Information Governance is the set of standards we must follow in handling personal healthcare records. Good information governance means that all personal health information is handled legally, securely, efficiently and effectively in order to deliver the best possible care to people who use our services. It also includes sharing of relevant personal health information with our healthcare providers, where appropriate.
We must manage our records effectively. This means that information should be accurate, up to date and accessible when needed.
We must ensure that information is kept securely and is accessed only by those who should be accessing it.
We must protect the confidentiality of the information - information provided in confidence is not to be used or disclosed in a way that might identify an individual, without a legal basis for processing.
Patients have a right to access health information about themselves.

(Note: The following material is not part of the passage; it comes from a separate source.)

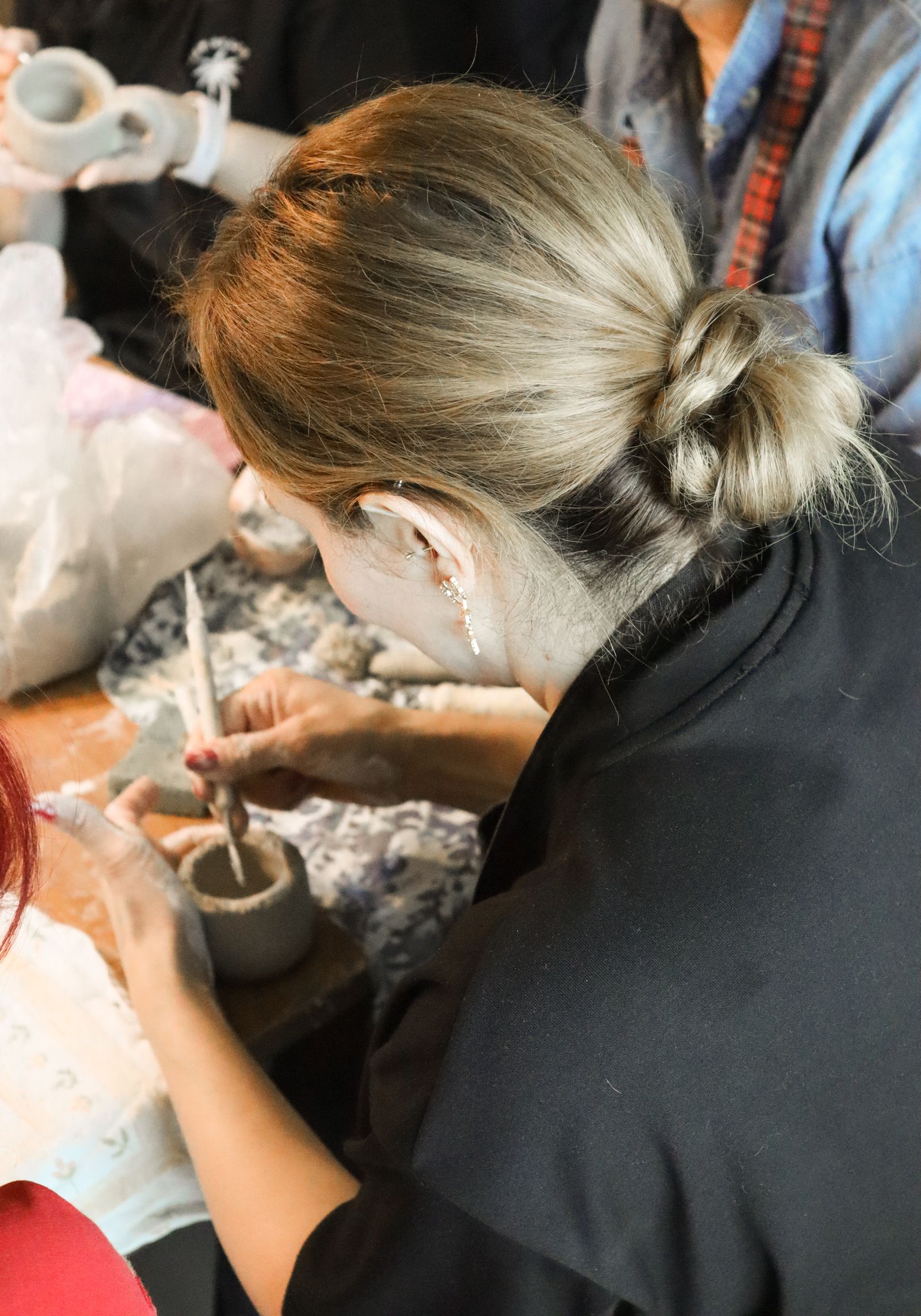 People learning and making together around a workshop table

Good information governance practice will help the hospital to ensure that, among other things:
Appropriate management and workforce structures are in place to oversee information governance arrangements
Information is used ethically in a manner that protects the rights and best interests of patients and service users
Information within computerised and paper-based systems is held securely and is accurate and available, when and where it is needed. For example, in the event of an unplanned attendance/ admission
Processes and procedures for information and records management are efficient and effective
The workforce is provided with guidance and appropriate, effective training
Information is shared appropriately to facilitate the safe transfer and sharing of care.
There is an Information Governance Group in the hospital, established to drive and oversee the development, implementation and continuous improvement in the structures and processes required to ensure that:
Information obtained by the hospital is appropriate, accurate, complete, safe and secure, and is destroyed when not required
The development, implementation and continuous improvement of the structures and processes required to ensure that each patient who attends St James’s Hospital has a unique and secure healthcare record. Such a record would provide a comprehensive, current, accurate and clear account of all aspects of a patient’s condition, care and treatment, which is accessible to all authorised staff at the point of care delivery
Applicable legislation and guidance is implemented and followed
Staff are made aware of their responsibility in the capture, use and maintenance of sensitive personal data
Appropriate training and awareness campaigns are identified for staff in the area of information governance.

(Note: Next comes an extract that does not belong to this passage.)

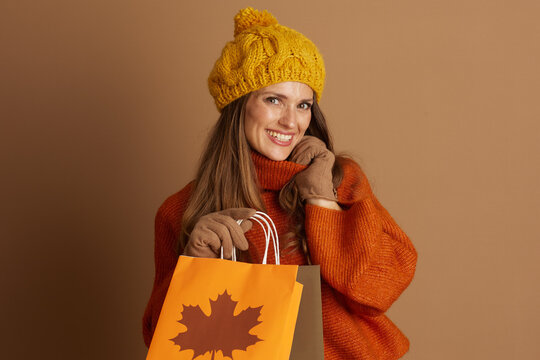 A smiling woman in her 30s, dressed in a yellow pompom hat and orange turtleneck, holds two autumn-themed shopping bags. Soft studio lighting enhances the warm, fashionable seasonal atmosphere.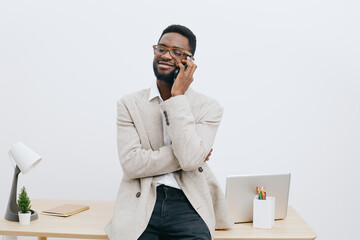 Smiling man wearing glasses and casual neutral blazer pose indoors at workplace with white...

Yes. The EU General Data Protection Regulation (GDPR) requires that data controllers provide certain information to people whose information (personal data) they hold and use. A privacy policy is one way of providing this information.
The purpose of our privacy policy is to clearly communicate to you how the hospital handles your personal information. It will give you a better and more complete understanding of the type of personal information that the hospital holds about you and the way the hospital handles the information.